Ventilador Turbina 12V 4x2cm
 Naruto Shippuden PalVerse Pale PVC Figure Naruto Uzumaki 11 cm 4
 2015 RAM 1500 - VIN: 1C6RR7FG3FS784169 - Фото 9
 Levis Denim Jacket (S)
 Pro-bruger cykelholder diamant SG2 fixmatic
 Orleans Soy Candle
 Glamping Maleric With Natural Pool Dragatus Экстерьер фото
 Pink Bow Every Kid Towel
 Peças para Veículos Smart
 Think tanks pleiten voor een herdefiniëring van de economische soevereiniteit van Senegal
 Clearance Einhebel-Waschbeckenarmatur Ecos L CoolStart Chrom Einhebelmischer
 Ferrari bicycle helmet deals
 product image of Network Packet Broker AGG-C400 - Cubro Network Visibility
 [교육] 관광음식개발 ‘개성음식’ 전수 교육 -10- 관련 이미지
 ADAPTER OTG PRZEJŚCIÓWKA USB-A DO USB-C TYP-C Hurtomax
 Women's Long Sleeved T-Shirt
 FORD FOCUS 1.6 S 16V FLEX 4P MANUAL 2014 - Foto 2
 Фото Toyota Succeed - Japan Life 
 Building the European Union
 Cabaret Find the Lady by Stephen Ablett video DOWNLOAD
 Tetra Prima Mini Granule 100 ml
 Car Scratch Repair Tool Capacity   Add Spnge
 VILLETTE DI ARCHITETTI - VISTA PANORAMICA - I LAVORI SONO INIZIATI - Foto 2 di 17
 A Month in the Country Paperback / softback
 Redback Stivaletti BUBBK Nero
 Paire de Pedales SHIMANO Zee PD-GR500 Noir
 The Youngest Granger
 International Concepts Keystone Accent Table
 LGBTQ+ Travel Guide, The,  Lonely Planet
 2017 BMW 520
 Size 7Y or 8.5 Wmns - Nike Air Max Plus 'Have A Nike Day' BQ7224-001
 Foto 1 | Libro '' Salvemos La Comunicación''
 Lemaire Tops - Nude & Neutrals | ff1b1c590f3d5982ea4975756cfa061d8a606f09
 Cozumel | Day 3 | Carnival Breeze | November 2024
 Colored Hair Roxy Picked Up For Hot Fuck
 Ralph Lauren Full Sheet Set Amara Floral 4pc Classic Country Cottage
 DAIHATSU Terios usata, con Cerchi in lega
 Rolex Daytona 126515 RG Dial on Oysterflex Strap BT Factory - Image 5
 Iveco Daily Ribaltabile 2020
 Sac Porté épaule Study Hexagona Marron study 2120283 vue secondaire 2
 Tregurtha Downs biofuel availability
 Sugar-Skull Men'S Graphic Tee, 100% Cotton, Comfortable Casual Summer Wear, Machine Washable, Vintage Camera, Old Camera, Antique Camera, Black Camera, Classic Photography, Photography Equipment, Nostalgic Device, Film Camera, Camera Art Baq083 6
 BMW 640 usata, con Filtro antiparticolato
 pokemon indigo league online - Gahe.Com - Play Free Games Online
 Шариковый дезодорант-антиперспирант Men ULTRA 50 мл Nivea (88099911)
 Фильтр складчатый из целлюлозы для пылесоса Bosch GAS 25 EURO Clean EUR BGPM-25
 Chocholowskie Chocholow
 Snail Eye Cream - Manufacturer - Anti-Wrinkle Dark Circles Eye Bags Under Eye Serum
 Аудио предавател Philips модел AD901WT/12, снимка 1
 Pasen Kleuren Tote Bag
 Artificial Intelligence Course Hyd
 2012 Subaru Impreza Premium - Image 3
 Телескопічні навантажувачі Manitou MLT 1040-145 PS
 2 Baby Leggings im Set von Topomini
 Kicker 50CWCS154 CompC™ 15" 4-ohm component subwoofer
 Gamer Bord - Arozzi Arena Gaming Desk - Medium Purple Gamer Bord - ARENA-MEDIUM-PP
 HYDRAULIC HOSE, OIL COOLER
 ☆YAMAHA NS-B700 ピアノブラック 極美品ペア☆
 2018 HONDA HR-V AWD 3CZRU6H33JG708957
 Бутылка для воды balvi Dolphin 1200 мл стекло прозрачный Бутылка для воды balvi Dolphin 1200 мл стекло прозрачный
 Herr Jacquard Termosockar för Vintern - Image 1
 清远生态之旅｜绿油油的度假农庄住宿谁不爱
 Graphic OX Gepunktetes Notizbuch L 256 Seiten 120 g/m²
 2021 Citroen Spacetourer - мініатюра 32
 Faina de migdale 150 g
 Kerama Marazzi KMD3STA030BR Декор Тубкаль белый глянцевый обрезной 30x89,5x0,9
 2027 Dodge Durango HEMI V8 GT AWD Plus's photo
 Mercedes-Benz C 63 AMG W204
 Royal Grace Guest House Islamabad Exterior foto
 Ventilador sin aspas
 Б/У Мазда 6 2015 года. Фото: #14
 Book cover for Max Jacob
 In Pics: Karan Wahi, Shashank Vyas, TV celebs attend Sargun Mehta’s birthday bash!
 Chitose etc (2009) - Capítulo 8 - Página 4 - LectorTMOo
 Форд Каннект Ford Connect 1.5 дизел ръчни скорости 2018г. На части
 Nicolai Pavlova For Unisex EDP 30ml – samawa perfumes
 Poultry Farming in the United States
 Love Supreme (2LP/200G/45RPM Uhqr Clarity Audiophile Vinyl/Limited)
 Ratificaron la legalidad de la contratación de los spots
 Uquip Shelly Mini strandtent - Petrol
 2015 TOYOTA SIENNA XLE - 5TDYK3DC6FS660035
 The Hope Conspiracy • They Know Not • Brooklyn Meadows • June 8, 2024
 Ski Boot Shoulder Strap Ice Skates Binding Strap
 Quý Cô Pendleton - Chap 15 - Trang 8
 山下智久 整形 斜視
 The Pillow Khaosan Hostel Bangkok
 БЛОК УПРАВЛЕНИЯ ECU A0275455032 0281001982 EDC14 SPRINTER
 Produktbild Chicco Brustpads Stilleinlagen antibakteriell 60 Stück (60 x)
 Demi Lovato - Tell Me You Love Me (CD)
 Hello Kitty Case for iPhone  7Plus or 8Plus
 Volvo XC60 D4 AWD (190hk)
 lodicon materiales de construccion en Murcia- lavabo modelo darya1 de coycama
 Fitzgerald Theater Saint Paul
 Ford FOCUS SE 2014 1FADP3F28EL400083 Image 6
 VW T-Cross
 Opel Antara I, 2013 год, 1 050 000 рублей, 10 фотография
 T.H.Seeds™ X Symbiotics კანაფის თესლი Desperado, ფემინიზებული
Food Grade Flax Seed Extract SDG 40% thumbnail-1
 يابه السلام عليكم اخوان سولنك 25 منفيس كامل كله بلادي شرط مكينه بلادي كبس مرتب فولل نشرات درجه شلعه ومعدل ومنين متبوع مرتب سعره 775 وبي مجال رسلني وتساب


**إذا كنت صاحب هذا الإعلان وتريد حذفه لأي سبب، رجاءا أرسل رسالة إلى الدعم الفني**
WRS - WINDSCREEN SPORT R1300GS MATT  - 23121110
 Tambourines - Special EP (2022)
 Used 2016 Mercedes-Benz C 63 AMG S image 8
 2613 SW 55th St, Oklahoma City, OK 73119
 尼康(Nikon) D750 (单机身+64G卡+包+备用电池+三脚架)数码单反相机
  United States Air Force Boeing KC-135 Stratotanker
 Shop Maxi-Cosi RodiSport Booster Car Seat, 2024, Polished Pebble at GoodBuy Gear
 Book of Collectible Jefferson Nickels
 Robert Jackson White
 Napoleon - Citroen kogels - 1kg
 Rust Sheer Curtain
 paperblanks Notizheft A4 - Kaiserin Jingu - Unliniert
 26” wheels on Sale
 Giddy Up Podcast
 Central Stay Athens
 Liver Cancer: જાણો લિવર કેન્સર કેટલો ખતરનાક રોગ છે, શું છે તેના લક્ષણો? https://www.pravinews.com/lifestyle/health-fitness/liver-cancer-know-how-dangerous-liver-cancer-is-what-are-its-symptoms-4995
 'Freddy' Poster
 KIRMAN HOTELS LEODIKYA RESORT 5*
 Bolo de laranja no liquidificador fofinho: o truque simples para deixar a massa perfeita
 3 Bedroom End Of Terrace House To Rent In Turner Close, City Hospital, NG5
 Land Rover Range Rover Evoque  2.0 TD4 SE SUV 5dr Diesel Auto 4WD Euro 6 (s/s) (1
══════════
**ASSIGNMENT:** The answer must consist of every line from the data that holds the string "Benz".

**SOLUTION TO THE PROBLEM:**
 Mercedes-Benz C 63 AMG W204
 Used 2016 Mercedes-Benz C 63 AMG S image 8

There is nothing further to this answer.